A Joro spider has a colorful body and weaves a large golden orb-web. (Photo provided to Xinhua)

CHONGQING, Feb. 22 (Xinhua) — A team of Chinese researchers has revealed a hierarchical mechanism under spider dragline silk spinning, which is expected to benefit spider-inspired artificial fibers.

Spider dragline silk makes up the main scaffolding of a spider’s web. Dragline silk has good mechanical properties and bionic application potential, but the amount of natural spider silk is limited.
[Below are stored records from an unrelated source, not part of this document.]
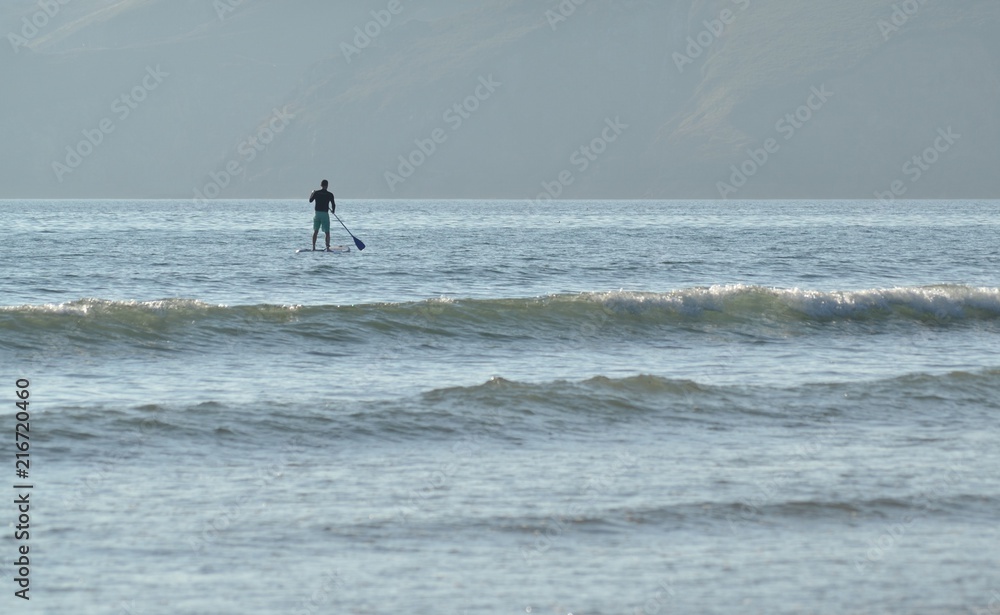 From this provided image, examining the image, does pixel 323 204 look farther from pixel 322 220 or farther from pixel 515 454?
pixel 515 454

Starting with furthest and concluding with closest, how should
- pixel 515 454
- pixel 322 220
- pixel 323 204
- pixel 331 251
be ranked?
pixel 331 251 → pixel 322 220 → pixel 323 204 → pixel 515 454

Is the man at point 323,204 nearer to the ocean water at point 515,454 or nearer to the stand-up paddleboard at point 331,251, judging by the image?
the stand-up paddleboard at point 331,251

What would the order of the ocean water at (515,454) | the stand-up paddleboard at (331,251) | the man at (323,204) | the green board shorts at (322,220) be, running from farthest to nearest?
the stand-up paddleboard at (331,251)
the green board shorts at (322,220)
the man at (323,204)
the ocean water at (515,454)

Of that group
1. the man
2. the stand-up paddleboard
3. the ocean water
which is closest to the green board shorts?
the man

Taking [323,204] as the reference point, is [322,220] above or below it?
below

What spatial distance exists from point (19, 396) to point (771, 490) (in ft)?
25.6

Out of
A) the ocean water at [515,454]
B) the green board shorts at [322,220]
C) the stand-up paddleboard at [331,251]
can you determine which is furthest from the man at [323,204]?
the ocean water at [515,454]

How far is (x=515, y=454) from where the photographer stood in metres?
9.69

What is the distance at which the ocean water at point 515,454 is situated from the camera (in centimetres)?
665

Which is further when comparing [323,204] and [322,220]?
[322,220]

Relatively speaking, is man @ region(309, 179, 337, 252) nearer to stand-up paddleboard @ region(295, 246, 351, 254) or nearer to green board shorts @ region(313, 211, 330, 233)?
green board shorts @ region(313, 211, 330, 233)

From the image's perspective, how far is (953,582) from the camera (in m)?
6.66

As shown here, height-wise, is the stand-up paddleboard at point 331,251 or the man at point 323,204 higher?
the man at point 323,204

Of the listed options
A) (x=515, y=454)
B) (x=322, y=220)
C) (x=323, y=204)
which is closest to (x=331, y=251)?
(x=322, y=220) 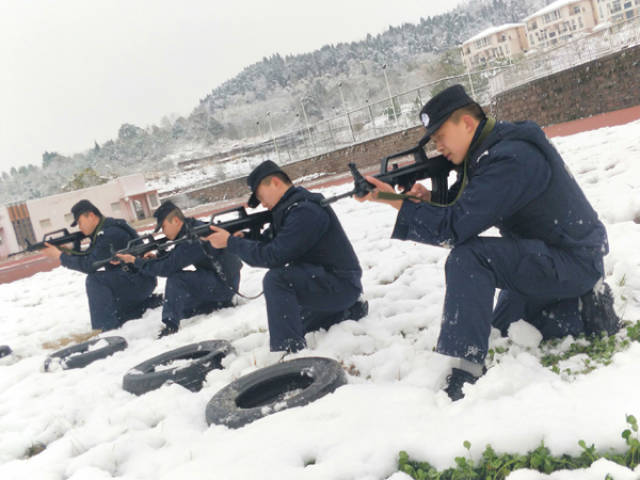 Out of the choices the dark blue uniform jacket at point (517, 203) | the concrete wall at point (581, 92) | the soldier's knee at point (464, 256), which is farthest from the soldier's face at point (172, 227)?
the concrete wall at point (581, 92)

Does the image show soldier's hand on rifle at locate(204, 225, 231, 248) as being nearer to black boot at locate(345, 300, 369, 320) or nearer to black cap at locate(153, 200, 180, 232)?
black boot at locate(345, 300, 369, 320)

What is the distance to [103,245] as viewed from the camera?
20.2 ft

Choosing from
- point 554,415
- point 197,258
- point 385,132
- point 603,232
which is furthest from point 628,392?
point 385,132

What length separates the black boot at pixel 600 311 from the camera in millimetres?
2748

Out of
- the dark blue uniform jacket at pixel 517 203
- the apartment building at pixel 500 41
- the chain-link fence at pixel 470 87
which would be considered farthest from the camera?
the apartment building at pixel 500 41

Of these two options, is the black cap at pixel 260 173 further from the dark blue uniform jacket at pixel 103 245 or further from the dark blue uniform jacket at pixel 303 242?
the dark blue uniform jacket at pixel 103 245

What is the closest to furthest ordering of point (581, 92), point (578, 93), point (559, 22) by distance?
1. point (581, 92)
2. point (578, 93)
3. point (559, 22)

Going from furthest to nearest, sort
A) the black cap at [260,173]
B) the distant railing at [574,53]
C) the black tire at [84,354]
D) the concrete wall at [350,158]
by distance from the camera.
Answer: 1. the concrete wall at [350,158]
2. the distant railing at [574,53]
3. the black tire at [84,354]
4. the black cap at [260,173]

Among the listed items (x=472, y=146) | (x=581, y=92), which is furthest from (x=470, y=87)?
(x=472, y=146)

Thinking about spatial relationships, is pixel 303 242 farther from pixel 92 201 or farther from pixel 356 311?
pixel 92 201

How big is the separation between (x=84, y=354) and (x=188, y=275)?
1.25 meters

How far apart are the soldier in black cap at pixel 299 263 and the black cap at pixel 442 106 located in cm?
124

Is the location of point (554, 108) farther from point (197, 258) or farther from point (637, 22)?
point (197, 258)

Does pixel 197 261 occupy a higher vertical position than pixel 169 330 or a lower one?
higher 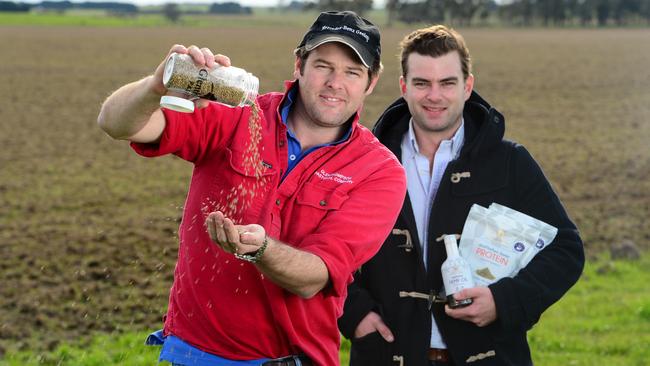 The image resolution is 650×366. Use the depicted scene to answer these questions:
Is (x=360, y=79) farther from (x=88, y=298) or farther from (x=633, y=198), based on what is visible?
(x=633, y=198)

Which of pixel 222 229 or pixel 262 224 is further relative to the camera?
pixel 262 224

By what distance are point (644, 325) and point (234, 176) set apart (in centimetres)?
542

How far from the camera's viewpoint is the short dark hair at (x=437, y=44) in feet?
14.6

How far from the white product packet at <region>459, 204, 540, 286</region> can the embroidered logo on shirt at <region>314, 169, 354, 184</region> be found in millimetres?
1008

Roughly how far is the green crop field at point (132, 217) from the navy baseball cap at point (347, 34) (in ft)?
5.90

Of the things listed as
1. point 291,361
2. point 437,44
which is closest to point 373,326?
point 291,361

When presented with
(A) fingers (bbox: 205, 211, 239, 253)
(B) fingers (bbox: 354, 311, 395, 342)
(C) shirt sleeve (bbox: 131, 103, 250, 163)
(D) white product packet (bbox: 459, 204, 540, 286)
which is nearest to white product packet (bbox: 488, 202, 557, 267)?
(D) white product packet (bbox: 459, 204, 540, 286)

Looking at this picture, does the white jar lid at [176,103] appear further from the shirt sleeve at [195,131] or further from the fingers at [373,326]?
the fingers at [373,326]

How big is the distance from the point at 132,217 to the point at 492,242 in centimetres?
752

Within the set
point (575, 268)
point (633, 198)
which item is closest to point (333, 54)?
point (575, 268)

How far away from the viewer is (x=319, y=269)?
312 cm

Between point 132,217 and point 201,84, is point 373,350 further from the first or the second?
point 132,217

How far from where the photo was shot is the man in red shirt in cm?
320

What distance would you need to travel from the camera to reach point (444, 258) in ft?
13.9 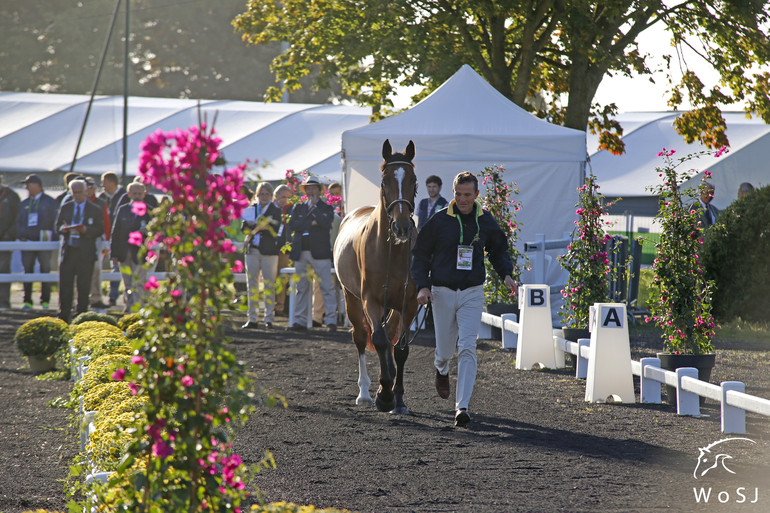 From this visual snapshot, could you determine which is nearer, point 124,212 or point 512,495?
point 512,495

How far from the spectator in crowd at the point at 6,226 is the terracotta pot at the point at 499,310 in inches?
392

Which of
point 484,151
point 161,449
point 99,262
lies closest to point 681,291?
point 484,151

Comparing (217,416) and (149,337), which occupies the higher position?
(149,337)

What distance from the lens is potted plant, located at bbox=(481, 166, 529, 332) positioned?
45.4 ft

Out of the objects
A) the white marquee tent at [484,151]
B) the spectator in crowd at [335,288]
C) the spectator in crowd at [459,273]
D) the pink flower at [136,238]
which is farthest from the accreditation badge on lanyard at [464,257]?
the white marquee tent at [484,151]

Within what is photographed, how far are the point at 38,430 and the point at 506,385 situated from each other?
4.67 meters

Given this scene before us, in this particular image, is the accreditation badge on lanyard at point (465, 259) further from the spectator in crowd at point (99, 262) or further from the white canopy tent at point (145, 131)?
the white canopy tent at point (145, 131)

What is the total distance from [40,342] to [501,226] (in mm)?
6714

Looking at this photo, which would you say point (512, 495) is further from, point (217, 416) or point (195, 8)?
point (195, 8)

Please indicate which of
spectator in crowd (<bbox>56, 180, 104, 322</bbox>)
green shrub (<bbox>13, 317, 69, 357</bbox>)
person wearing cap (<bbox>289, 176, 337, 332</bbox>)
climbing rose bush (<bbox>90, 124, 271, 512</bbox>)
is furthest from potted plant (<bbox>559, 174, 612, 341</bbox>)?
climbing rose bush (<bbox>90, 124, 271, 512</bbox>)

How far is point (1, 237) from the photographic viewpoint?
1869 centimetres

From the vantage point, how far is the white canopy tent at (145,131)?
31562mm

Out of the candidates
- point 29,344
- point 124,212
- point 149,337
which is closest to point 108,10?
point 124,212

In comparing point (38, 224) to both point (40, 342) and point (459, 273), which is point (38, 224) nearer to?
point (40, 342) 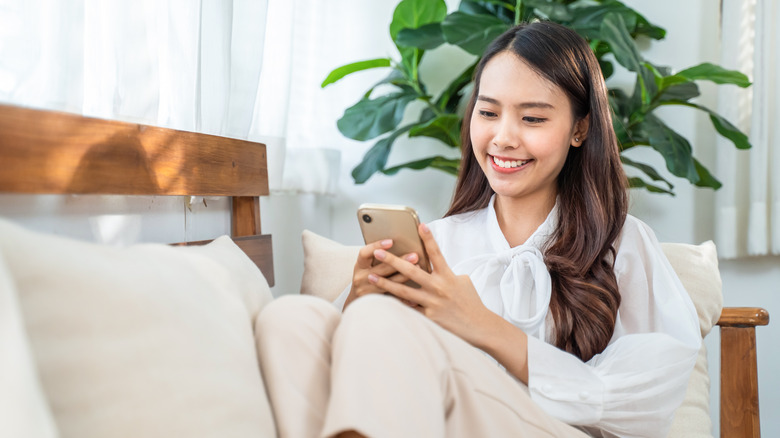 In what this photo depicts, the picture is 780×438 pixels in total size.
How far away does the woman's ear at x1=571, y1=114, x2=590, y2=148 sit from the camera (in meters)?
1.45

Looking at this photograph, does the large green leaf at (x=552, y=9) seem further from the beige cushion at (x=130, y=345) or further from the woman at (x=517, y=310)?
the beige cushion at (x=130, y=345)

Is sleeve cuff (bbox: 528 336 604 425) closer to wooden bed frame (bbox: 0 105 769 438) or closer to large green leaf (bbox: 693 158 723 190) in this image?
wooden bed frame (bbox: 0 105 769 438)

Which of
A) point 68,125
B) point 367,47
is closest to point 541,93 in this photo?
point 68,125

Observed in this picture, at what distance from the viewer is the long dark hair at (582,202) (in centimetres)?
130

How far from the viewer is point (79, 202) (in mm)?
1101

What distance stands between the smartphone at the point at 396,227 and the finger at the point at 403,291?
5cm

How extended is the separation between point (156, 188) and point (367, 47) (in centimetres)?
146

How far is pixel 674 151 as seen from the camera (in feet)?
6.53

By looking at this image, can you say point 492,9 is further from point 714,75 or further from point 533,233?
point 533,233

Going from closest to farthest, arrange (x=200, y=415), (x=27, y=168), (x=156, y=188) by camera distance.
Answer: (x=200, y=415), (x=27, y=168), (x=156, y=188)

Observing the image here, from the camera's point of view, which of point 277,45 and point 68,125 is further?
point 277,45

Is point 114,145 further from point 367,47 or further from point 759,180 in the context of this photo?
point 759,180

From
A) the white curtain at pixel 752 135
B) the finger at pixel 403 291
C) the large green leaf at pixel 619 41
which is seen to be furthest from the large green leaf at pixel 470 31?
the finger at pixel 403 291

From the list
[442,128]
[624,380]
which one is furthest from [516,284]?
[442,128] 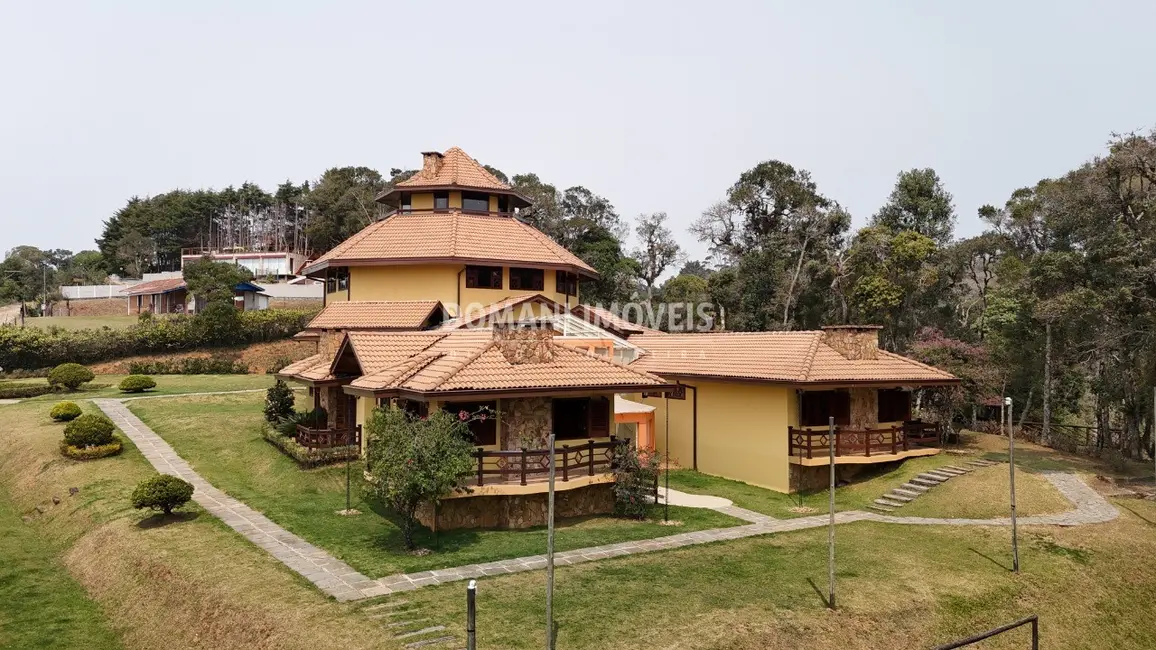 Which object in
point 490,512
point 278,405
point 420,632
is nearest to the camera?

Many researchers dedicate their research to the secretion and synthesis process of dragline silk, hoping to realize artificial synthesis.

Researchers from China’s Southwest University first presented a chromosome-scale genome for the Joro spider (Trichonephila clavate), which has a colorful body and weaves a large golden orb-web, identifying 37,607 genes coding proteins.

The major ampullate gland (Ma gland), the source of dragline silk, comprises a tail, a sac, and an elongated duct. The researchers found a hierarchical biosynthesis of substances like spidroins (main proteins in spider silk), organic acids, and lipids in the different sections of the Ma gland.


The researchers reported their findings in the journal Nature Communications. They said the study provided a theoretical basis for studying the origin and evolution of spiders, dragline silk, and developing spider-inspired artificial fibers.